## Work request
What is needed is the full listing written out exactly, minus the pictures.

## Data
-----

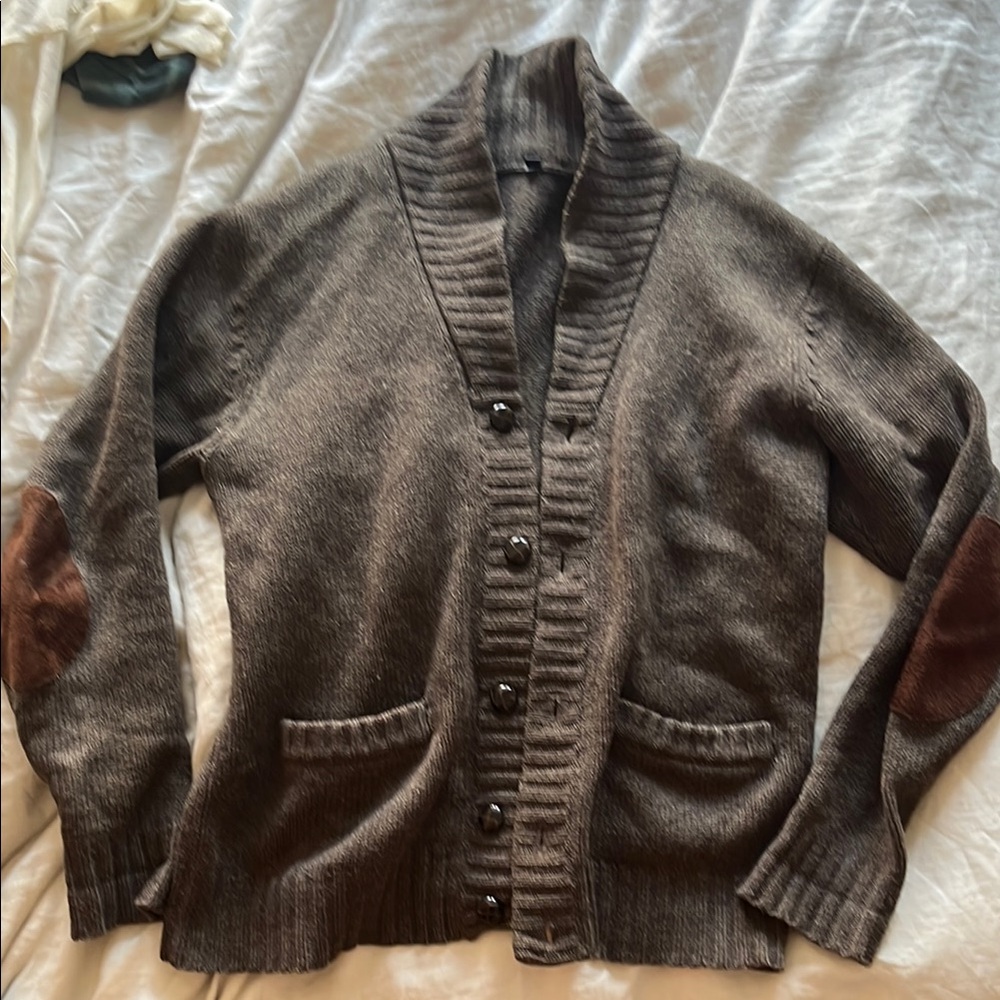 Brown Cowl Neck Cardigan with Elbow Patches - 100% wool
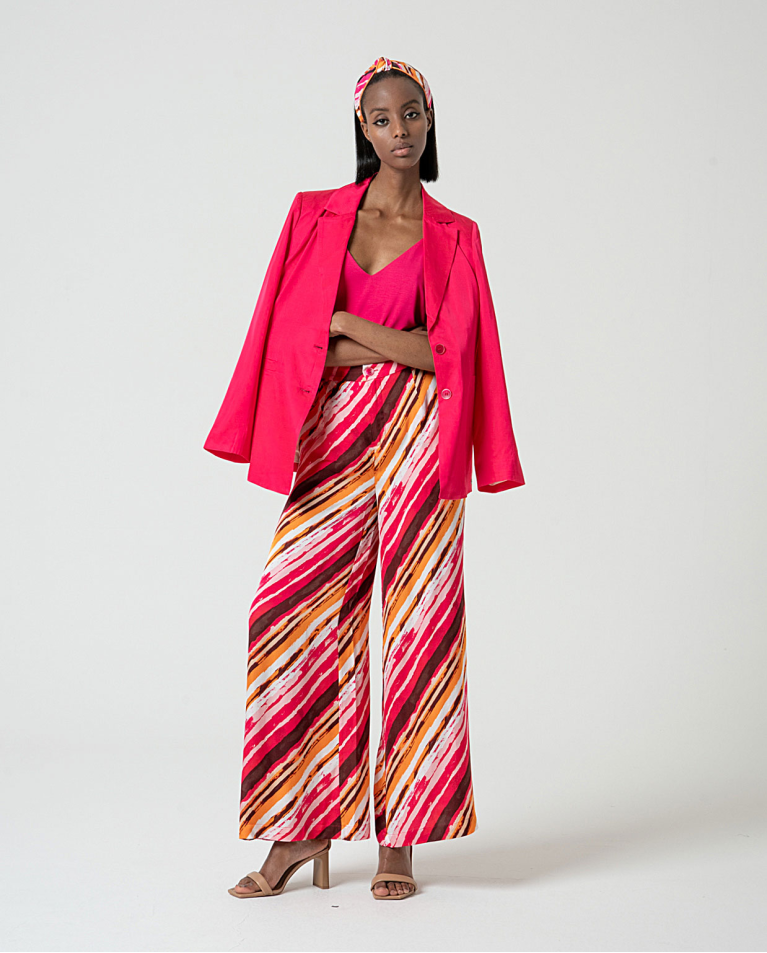 MU:Strap top with trimmings Fuchsia women Surkana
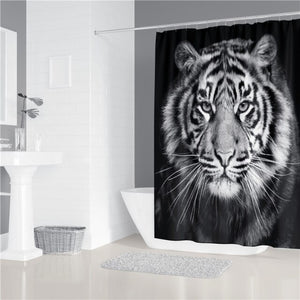 Тигр, леопард, животные, занавеска для душа, полиэстеровые шторы в ванной, комплект ковров для ванной, коврики для туалета, крутой домашний декор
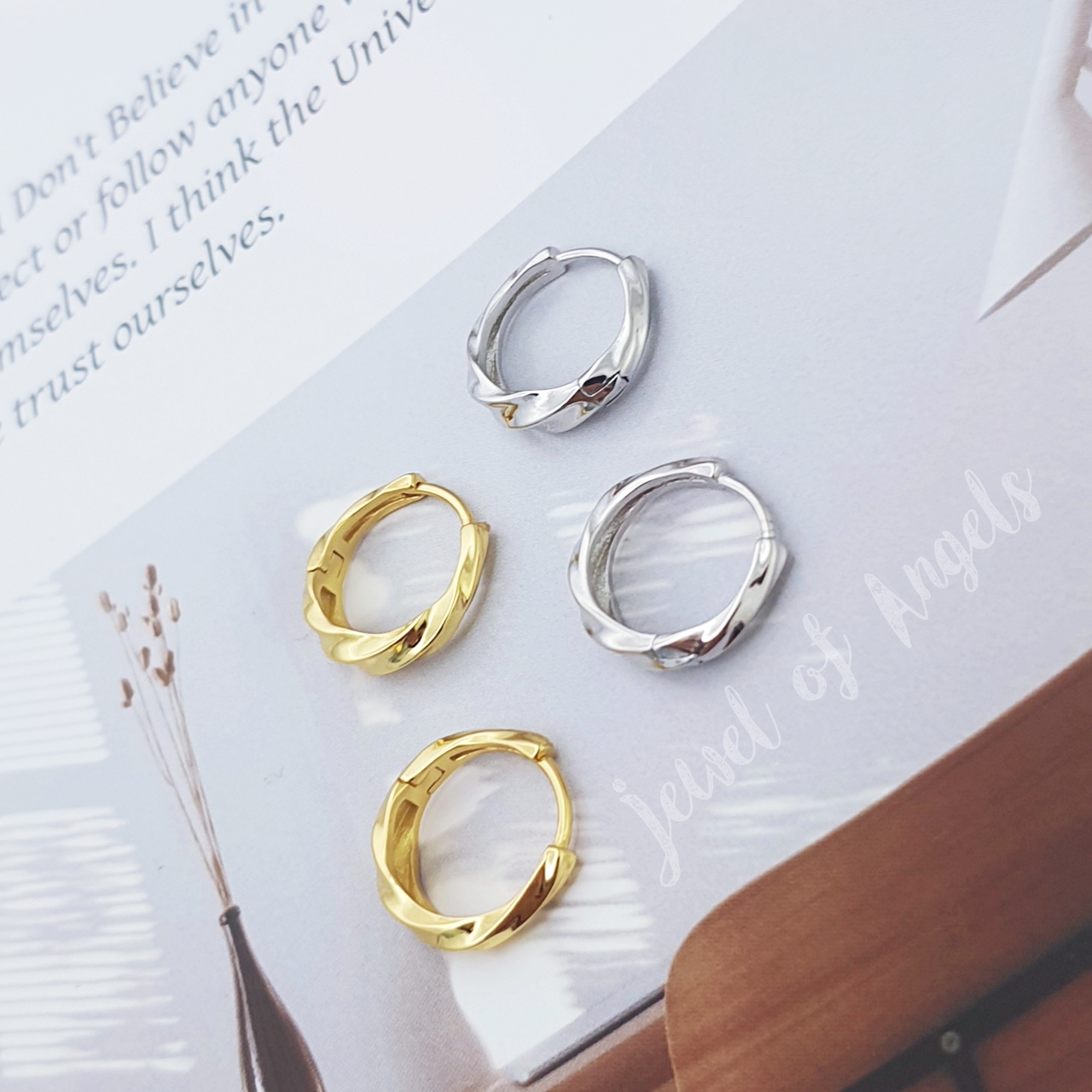 ต่างหูห่วงเงินแท้ S925 รุ่น Speedy ห่วงเกลียวหนา สีเงิน สีทอง ตุ้มหูห่วงเงินแท้ทั้งชิ้น Silver925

-----

## Result of this exercise
 Brown Cowl Neck Cardigan with Elbow Patches - 100% wool
 MU:Strap top with trimmings Fuchsia women Surkana
 Тигр, леопард, животные, занавеска для душа, полиэстеровые шторы в ванной, комплект ковров для ванной, коврики для туалета, крутой домашний декор
 ต่างหูห่วงเงินแท้ S925 รุ่น Speedy ห่วงเกลียวหนา สีเงิน สีทอง ตุ้มหูห่วงเงินแท้ทั้งชิ้น Silver925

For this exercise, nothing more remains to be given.